Alexis Cook

Alexis Cook

Using transfer learning to classify images with Keras

computer-vision

In this blog post, I will describe my GitHub repository that performs object classification with transfer learning. This blog post is inspired by a Medium article that made use of Tensorflow. The code is written in Keras (version 2.0.2) and Python 3.5.

If you need to learn more about CNNs, I recommend reading the notes for the CS231n course at Stanford. All lectures are also available online. You are also encouraged to check out Term 2 of Udacity’s Artificial Intelligence Nanodegree, where you can find a comprehensive introduction to neural networks (NNs), CNNs (including transfer learning), and recurrent neural networks (RNNs).

The Dataset

CIFAR-10 is a popular dataset composed of 60,000 tiny color images that each depict an object from one of ten different categories.

cifar10

The dataset is simple to load in Keras.

from keras.datasets import cifar10
(x_train, y_train), (x_test, y_test) = cifar10.load_data()

Extracting the InceptionV3 Bottleneck Features

Instead of building a CNN from scratch, I used transfer learning to leverage a pre-trained CNN that has demonstrated state-of-the-art performance in object classification tasks.

Keras makes it very easy to access several pre-trained CNN architectures. I decided to use the InceptionV3 architecture.

inception

After importing the necessary Python class, it’s only one line of code to get the model, along with the pre-trained weights.

from keras.applications.inception_v3 import InceptionV3
base_model = InceptionV3(weights='imagenet', include_top=True)

The pre-trained InceptionV3 architecture is stored in the variable base_model. The final layer of the network is a fully connected layer designed to distinguish between the 1000 different object categories in the ImageNet database.
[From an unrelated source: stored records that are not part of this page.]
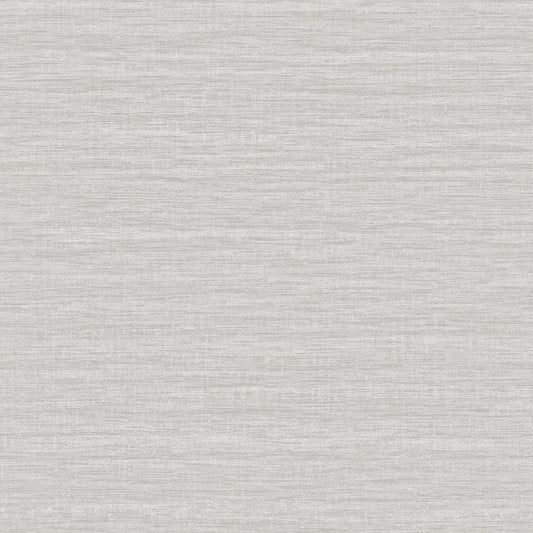 GALERIE WALLCOVERINGS Metallic FX    Silver - Grey   - W78172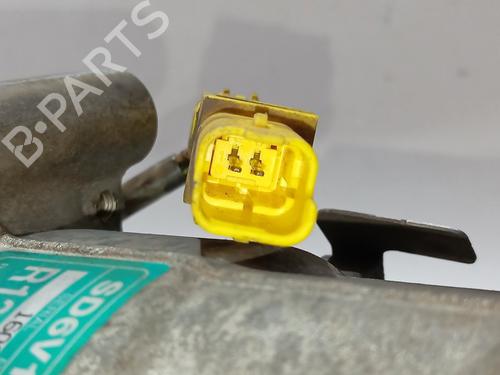 AC compressor CITROËN C2 (JM_) 1.4 HDi | BP28671724M34 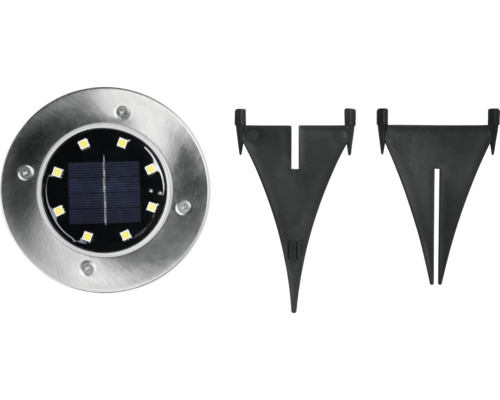 Lămpi solare cu țăruș de sol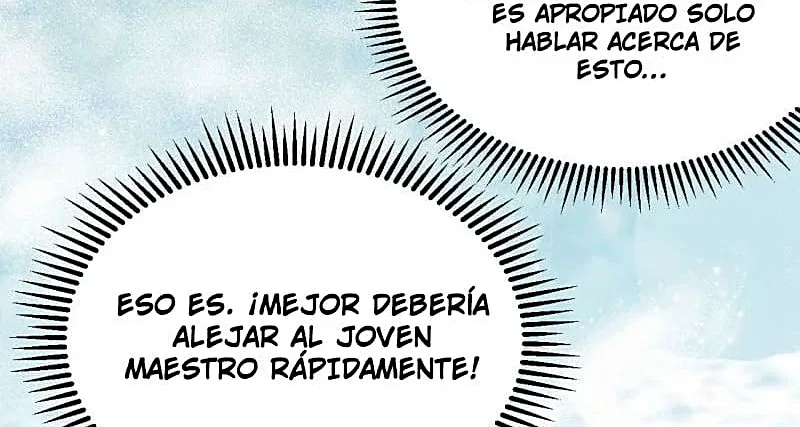 A partir de hoy trabajaré como un señor de la ciudad Capitulo 367.00 página 50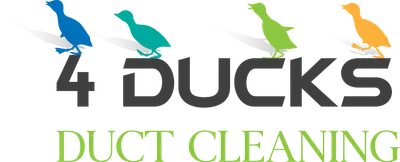 4 Ducks Duct Cleaning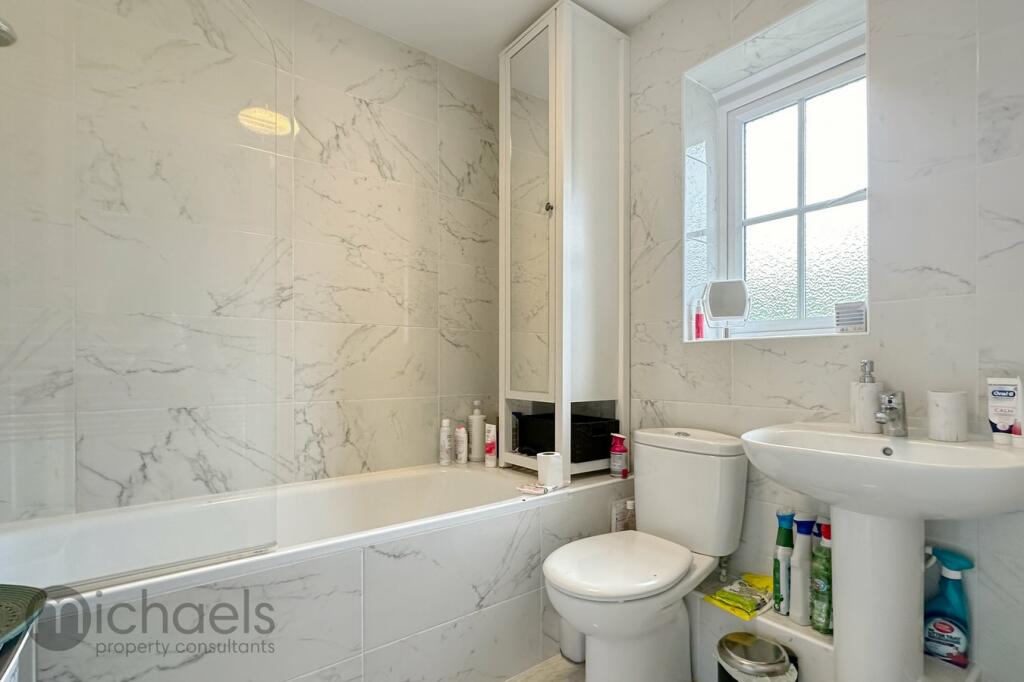 Additional property image - Foundation Way, Colchester , Colchester, CO2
Using the line of code below, I remove this final layer and save the resultant network in a new model.

model = Model(inputs=base_model.input, outputs=base_model.get_layer('avg_pool').output)

This new model will no longer return a predicted image class, since the classification layer has been removed; however, the CNN now stored in model still provides us with a useful way to extract features from images. By passing each of the CIFAR-10 images through this model, we can convert each image from its 32x32x3 array of raw image pixels to a vector with 2048 entries. In practice, we refer to this dataset of 2048-dimensional points as InceptionV3 bottleneck features.

Using t-SNE to Visualize Bottleneck Features

Towards visualizing the bottleneck features, I used a dimensionality reduction technique called t-SNE (aka t-Distributed Stochastic Neighbor Embedding). t-SNE reduces the dimensionality of each point, in a way where the points in the lower-dimensional space preserve the pointwise distances from the original, higher-dimensional space. Scikit-learn has an implementation of t-SNE, but it does not scale well to large datasets. Instead, I worked with an implementation that can be found on GitHub; it can be installed by running in the terminal:

pip install git+https://github.com/alexisbcook/tsne.git

Visualizing the resulting 2-dimensional points yields the plot below, where points are color-coded according to the object class contained in the corresponding image.

tsne

InceptionV3 does an amazing job with teasing out the content in the image, where points containing objects from the same class are mostly confined to nearby regions in the 2D plot. Thus, training a classifier on the bottleneck features should yield good performance.

Performing Classification with Transfer Learning

In the Jupyter notebook in the repository, I trained a very shallow CNN on the bottleneck features. It yields a test accuracy of 82.68%! :)

Play with the Code!

Can you do better with other architectures? Feel free to download the repository on GitHub and try your own hand at transfer learning!